_Task objective_
Your response is a verbatim copy of the listing, stripped of its images.

_Data provided_
◇ ◇ ◇ ◇ ◇

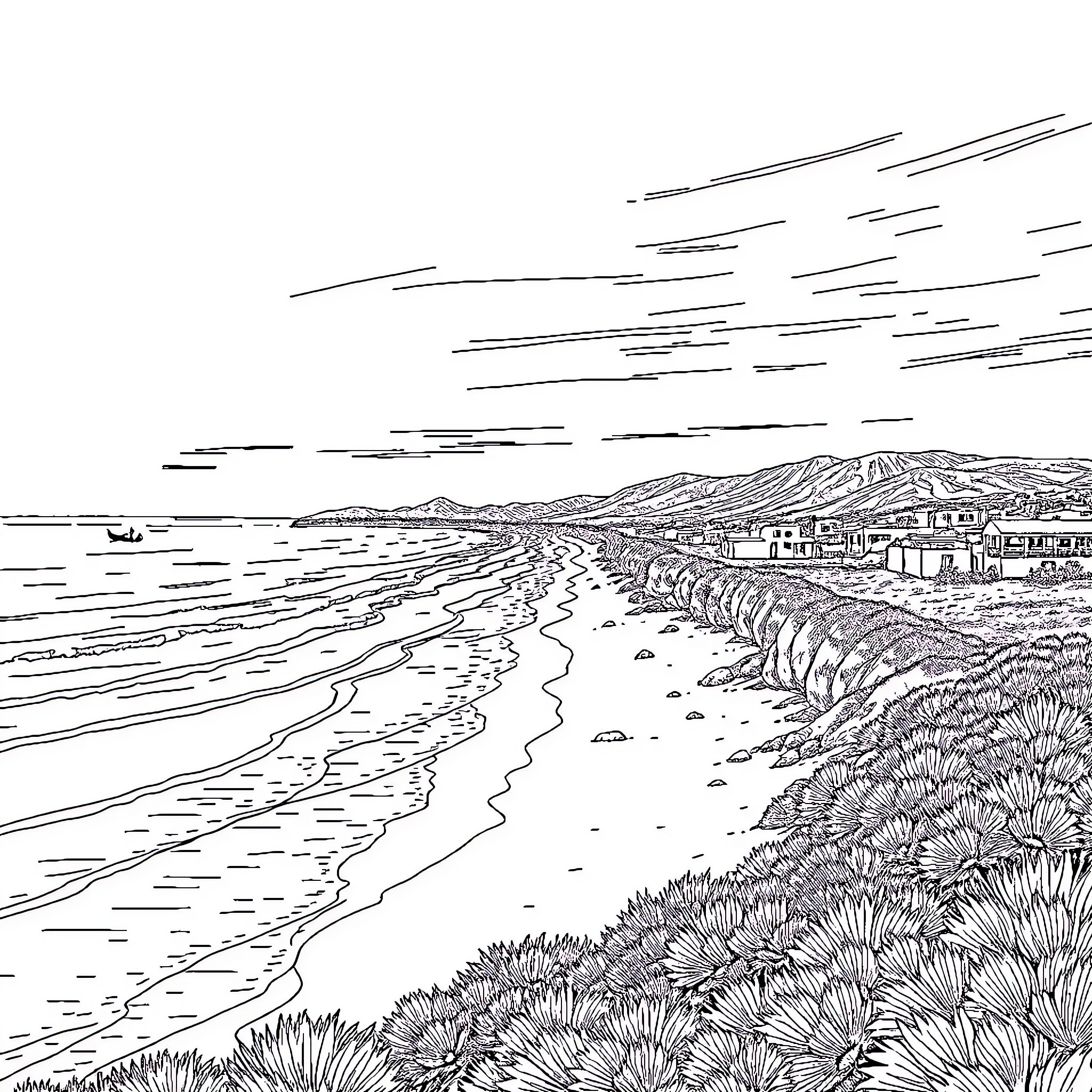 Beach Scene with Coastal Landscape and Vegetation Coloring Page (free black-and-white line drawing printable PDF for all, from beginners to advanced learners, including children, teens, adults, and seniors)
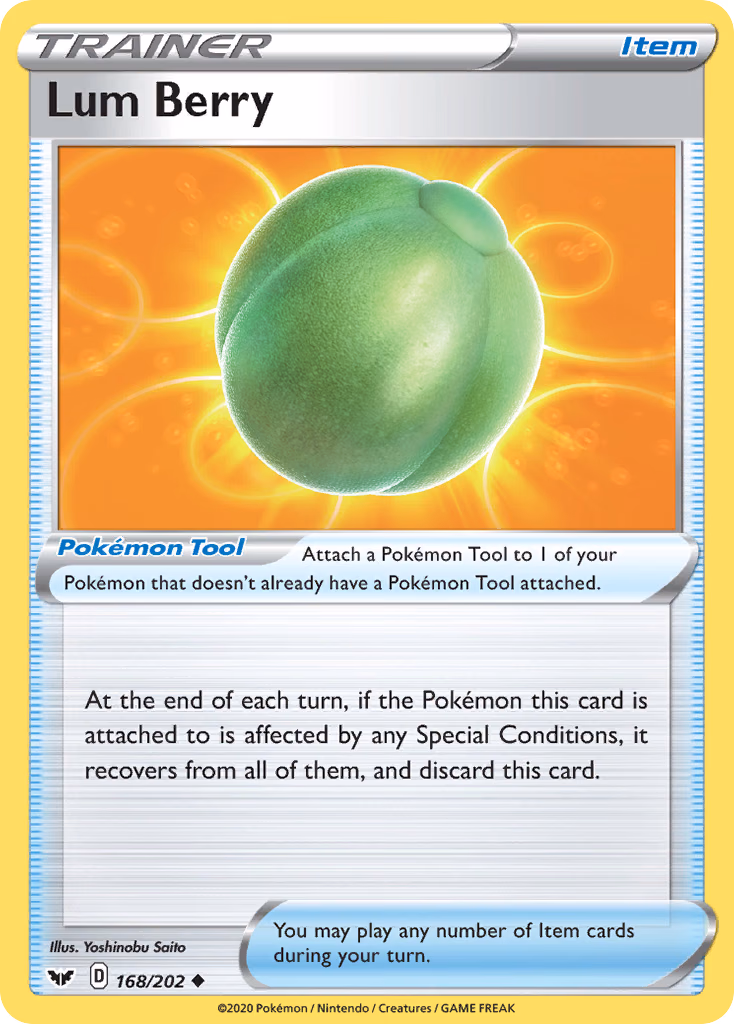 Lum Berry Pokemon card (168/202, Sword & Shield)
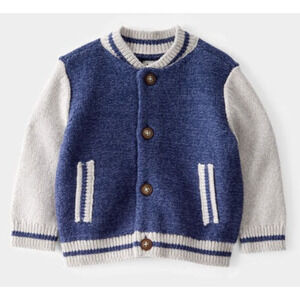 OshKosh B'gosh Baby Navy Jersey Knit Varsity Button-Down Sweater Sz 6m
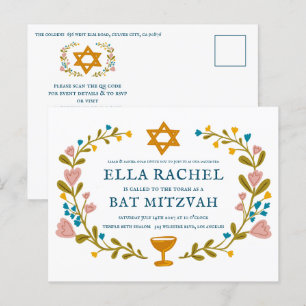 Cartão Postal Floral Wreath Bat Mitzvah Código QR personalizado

◇ ◇ ◇ ◇ ◇

_Solution for this task_
 Beach Scene with Coastal Landscape and Vegetation Coloring Page (free black-and-white line drawing printable PDF for all, from beginners to advanced learners, including children, teens, adults, and seniors)
 Lum Berry Pokemon card (168/202, Sword & Shield)
 OshKosh B'gosh Baby Navy Jersey Knit Varsity Button-Down Sweater Sz 6m
 Cartão Postal Floral Wreath Bat Mitzvah Código QR personalizado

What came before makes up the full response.